Игнат был честолюбив, с задатками властности, ему нравилось отличаться, и он гордился тем, что именно ему батя доверил флагманскую машину. При случае Мазур-1, как его называли, мог вспылить, наговорить грубостей, но, обладая развитым чувством справедливости, переживал свою неправоту и не стеснялся извиниться. Образцом для себя Игнат раз и навсегда выбрал батю и подражал ему во всем, что бросалось в глаза и выглядело немножко смешно. С каждым походом, однако, Игнат взрослел, и именно в нем Гаврилов видел своего преемника.

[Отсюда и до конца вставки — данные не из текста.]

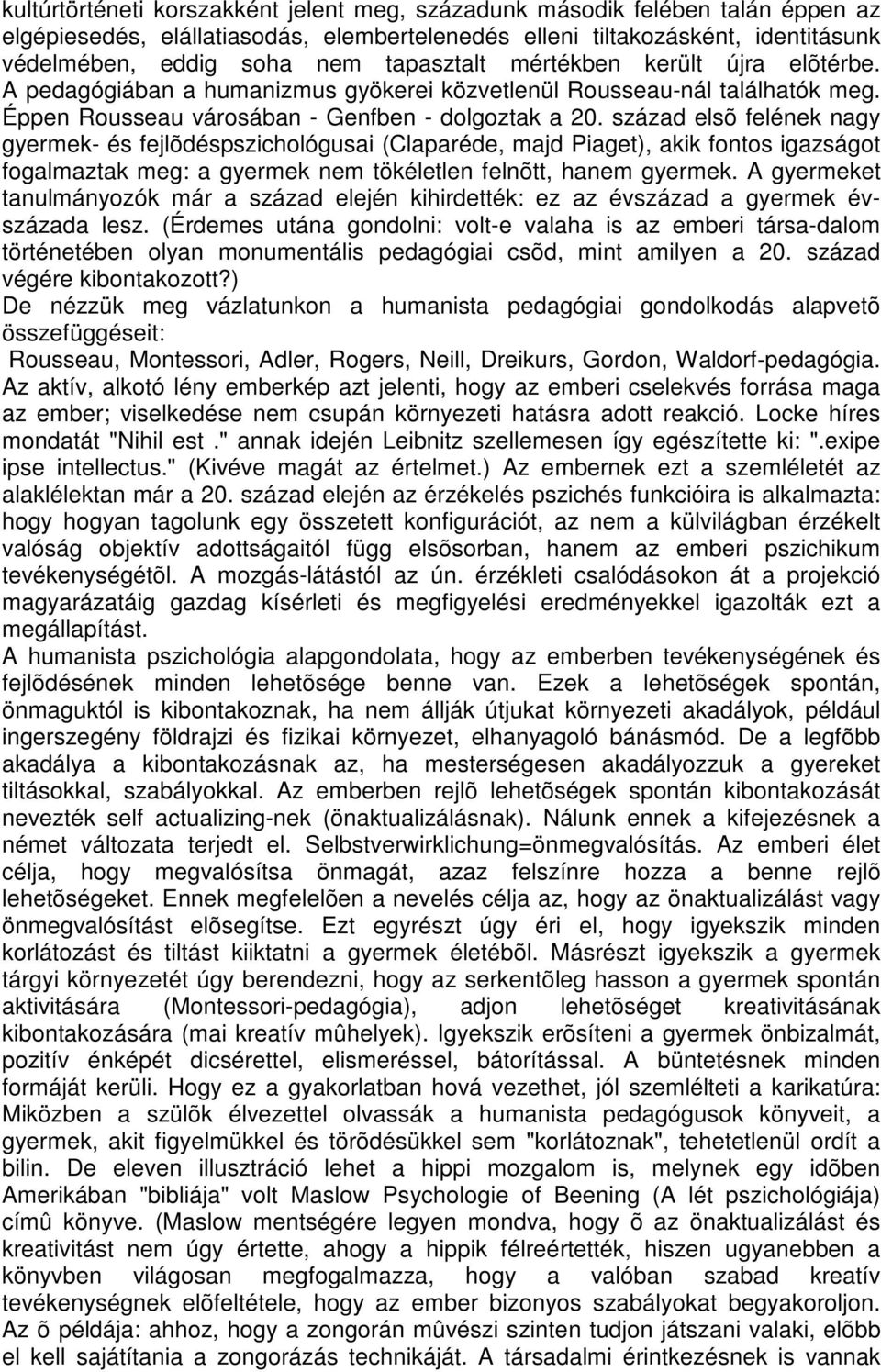 század elsõ felének nagy gyermek- és fejlõdéspszichológusai (Claparéde, majd Piaget), akik fontos igazságot fogalmaztak meg: a gyermek nem tökéletlen felnõtt, hanem gyermek.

Давид же характером был помягче, реже проявлял инициативу и довольствовался ролью второй скрипки при своем более волевом брате. Но влияние на него имел огромное. Понимали друг друга братья без слов и одним взглядом могли сказать столько, сколько иной раз не скажешь за целый разговор. Голоса Давид никогда не повышал, в пустяках был уступчив, но очень ошибался тот, кто принимал такую мягкость за слабость. Наступать на себя Давид не позволял никому и мгновенно сжимался в пружину, как тигр перед прыжком, когда брат оказывался в настоящей или мнимой опасности. Впрочем, Игнат в этом отношении ничем от Давида не отличался.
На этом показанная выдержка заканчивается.